Is this for controlling CC/MIDI data? Or for automating levels like a mixing desk?
The Behringer X-Touch Compact is probably my favourite choice for an "all-in-one" unit, as it can work in either Mackie Control mode, or CC mode. The faders are touch sensitive, motorized, and feel great. Plus there's a bunch of buttons and rotary encoders you can program too.
If you don't need CC or MIDI control though, there are potentially better options like the Avid Artist Control, the upcoming iCon Pro-X, or the Behringer X-Touch (not compact).


----------



## ein fisch (Aug 4, 2019)

Jdiggity1 said:


> Is this for controlling CC/MIDI data? Or for automating levels like a mixing desk?
> The Behringer X-Touch Compact is probably my favourite choice for an "all-in-one" unit, as it can work in either Mackie Control mode, or CC mode. The faders are touch sensitive, motorized, and feel great.
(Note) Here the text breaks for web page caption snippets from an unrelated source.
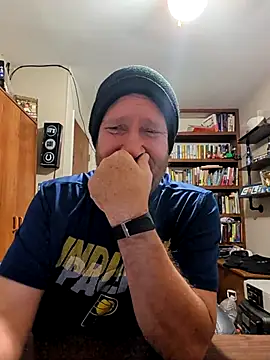 jboogieman online show from 05.15.26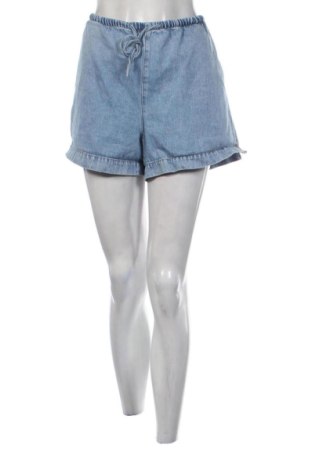 Damskie szorty H&M, Rozmiar XL, Kolor Niebieski, Cena 41,00 zł, #137871761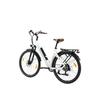 TTGO C3 PRO 28" Городской электровелосипед, 36В 250Вт мотор Bafang, аккумулятор 20Ач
Plus there's a bunch of buttons and rotary encoders you can program too.
> If you don't need CC or MIDI control though, there are potentially better options like the Avid Artist Control, the upcoming iCon Pro-X, or the Behringer X-Touch (not compact).


thats exactly what i was looking for.. thank you. if i dont find anything better i probably go with the behringer x-touch (not compact)

afaik, you can still assign faders to midi CC's manually no?


----------



## Jdiggity1 (Aug 4, 2019)

ein fisch said:


> thats exactly what i was looking for.. thank you. if i dont find anything better i probably go with the behringer x-touch (not compact)
> 
> afaik, you can still assign faders to midi CC's manually no?


Honestly I'm not 100% sure, but I was told that you could NOT use MIDI/CC with the X-Touch, which is why I went with the Compact version.
This was last year though, and I guess it's possible that a firmware update could introduce that functionality to the X-Touch(?)


----------



## thereus (Aug 4, 2019)

Icon platform m+ is the answer to your question. Forget the Behringer.


----------



## whinecellar (Aug 4, 2019)

I'm with @Jdiggity1 - the Behringer X-Touch Compact is AWESOME. Don't let the name get in the way - it's designed and made by their Midas division - and Midas is no joke. The hardware is top notch, feels great, and just works. Note that for some dumb reason, only the "compact" can be assigned to control MIDI CCs - the regular X-Touch can't. Also, you will need a PC to program it - still no Mac editor. I absolutely love mine!


----------